1. With PPC, it’s all about being “relevant”
Relevancy is being pertinent and giving the people what they want. It’s often mentioned in the Google AdWords mission statement. Why? There’s a direct correlation between relevancy and your keyword Quality Score (QS). A higher QS is one of many important goals in AdWords as it can help lower your cost per click, reduce your conversion costs and increase your ROI.
2. Google is Fast (and Ruthless)
Google AdWords can produce results that are immediate and measurable. Unlike SEO – which can take months, you can be on the top of Google within a matter of hours. But watch out as you can quickly lose a lot of money if you don’t know what you’re doing.
3. The #1 ad position on Google isn’t usually the best place to be
This logic may seem counter intuitive to most but the #1 paid position on AdWords typically costs the most amount of money and generates the most clicks. The downside is that many of these clicks are from unqualified traffic that barely read your ad and can cause your ROI to suffer. The #1 position is ideal only if you know the keywords and ads are converting at profitable levels.
4. Advertise on Google’s Display Network at your own risk
The Google AdWords default settings include the Display Network. Most newbies forget opt out of this channel and get plenty of poor quality visitors via this channel if they don’t know what they’re doing. In the hierarchy of testing search engine marketing, Google Search is the purest search results and an absolute “must have”. Use Search Partners if you’re not getting enough traffic. And use the Display Network for branding or low cost impulse product purchases (e.g. weight loss). Advertising on select sites within the Display Network via managed placement ads is a good strategy to test and should be run under a separate campaign.

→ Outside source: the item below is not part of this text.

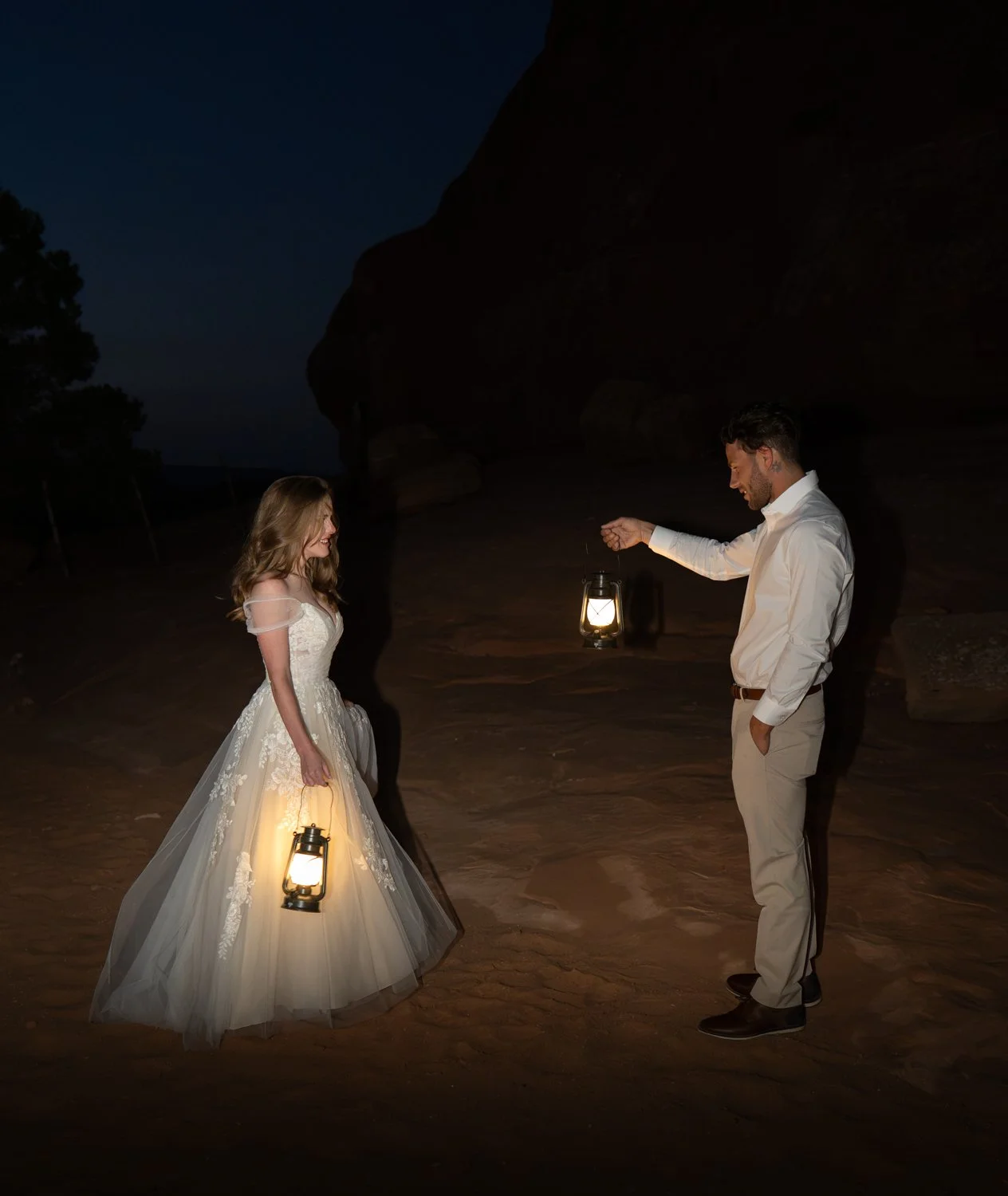 A bride and groom have first looks in the desert dark by lantern light.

5. Start your PPC bids high and lower them over time
Manual bidding strategies should be designed to target ad slots #3-6 and higher bids will typically result in better click through rates (CTR). This can improve your quality score and allow you to lower your bids slowly as your campaign matures and optimization techniques enhance your results.

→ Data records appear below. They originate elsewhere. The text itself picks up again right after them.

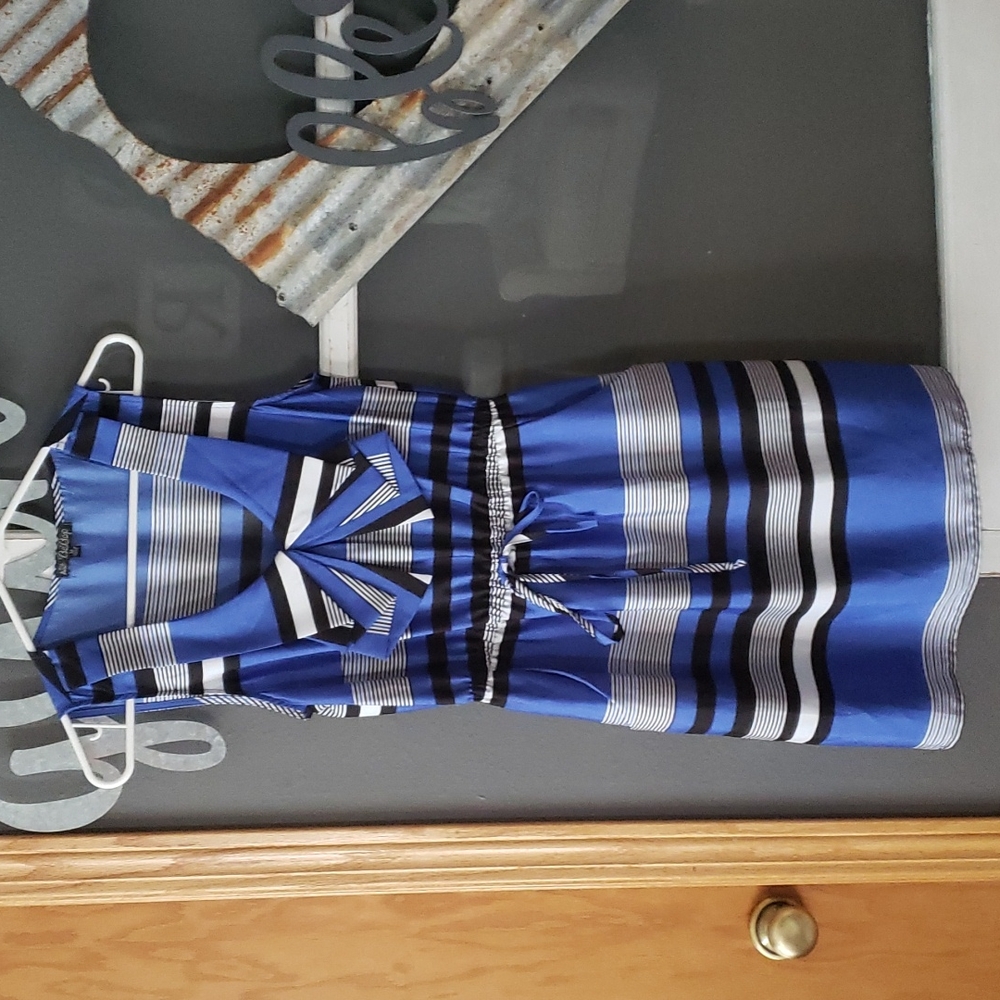 Cute short be bop dress with pockets.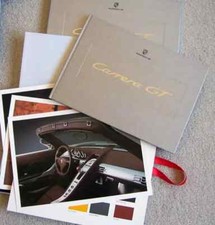 NEW PORSCHE CARRERA GT FACTORY HARDBOUND BROCHURE IN IT'S ORIGINAL SEALED BOX picture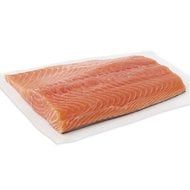 raw salmon fillet on a white background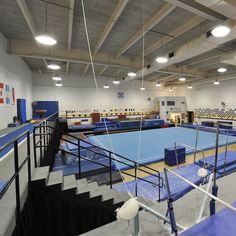 an empty gym with blue and white mats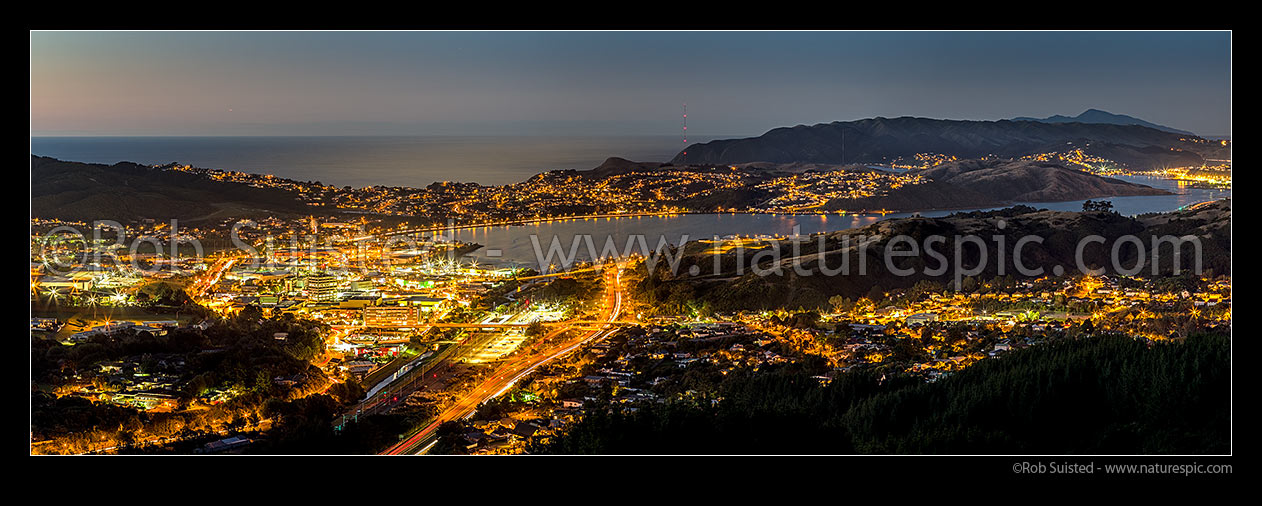 Image of Porirua City and harbour after sunset. Porirua East, Ranui Heights and Cannons Creek foreground. Titahi Bay, Plimmerton, and Kapiti Island beyond. Panorama, Porirua, Porirua City District, Wellington Region, New Zealand (NZ) stock photo image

6. Put your PPC keywords in the headline (and body copy whenever possible)
By placing your keywords within the headlines of your pay-per-click ads, your keywords will bold up on the search results page which can improve your CTR. As long as you’re sending traffic to a strong landing page that include the keywords, the ad will also become more relevant which can enhance Quality Scores. This in turn enables you to lower bids and helps further reduce your costs.
7. Keep the keywords in your ad groups limited
When building ad groups, it helps to maintain relevancy within your keywords by grouping them by a single “root keyword”. Expand out the list of longer tailed keywords by keeping the focus on this one keyword. Make sure to test the different match options – phase, exact and +broad +match +modified. Broad match keywords used by inexperienced PPC managers are ripe for Google to take advantage of synonyms which may have little to do with your product or service.

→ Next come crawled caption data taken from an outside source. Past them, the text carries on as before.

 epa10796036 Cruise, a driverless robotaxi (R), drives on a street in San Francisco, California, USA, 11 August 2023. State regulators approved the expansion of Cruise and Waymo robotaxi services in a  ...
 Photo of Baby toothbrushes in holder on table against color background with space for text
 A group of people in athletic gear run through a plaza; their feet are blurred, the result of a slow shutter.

8. Don’t spread your PPC budget out evenly throughout the day. Accelerate it.
AdWords PPC is database marketing and a process of elimination. To quickly find out what works and what doesn’t with your pay-per-click ads, it makes most sense to accelerate your daily ad spend. This allows your ads to show most often so you can fail fast. Also by testing and removing keywords that don’t convert at profitable levels, you can succeed faster and achieve the goal of maximizing your daily budget at the lowest possible CPCs.
9. After 30 clicks, eliminate keywords and ads that don’t work
While 30 is a low sample size, it remains a statistically significant number to evaluate your ad and keyword level performance. While more data is preferred, 30 data points can allow you to make decisions with a 90% confidence level. By quickly finding out what does not work (and what does), you can stop throwing good money after bad and pour more resources to those keywords and ads that yield profitable results.
10. Increase your budget based on Google’s recommendation at your own peril
The ad budget for your business should not an open checkbook. When Google recommends that you increase your ad budget, whose best interest do you thinks it serves. Test lowering your bids to increase clicks or remove unprofitable keywords from the mix. Increasing your budget may make sense if you’re leaving money on the table but recognize that there is a law of diminishing returns with AdWords so finding the optimal ad budget is a process of testing while working to maintain a profitable ROI.
Hopefully, this list is something that you can use to get the most out of your pay-per-click advertising dollar.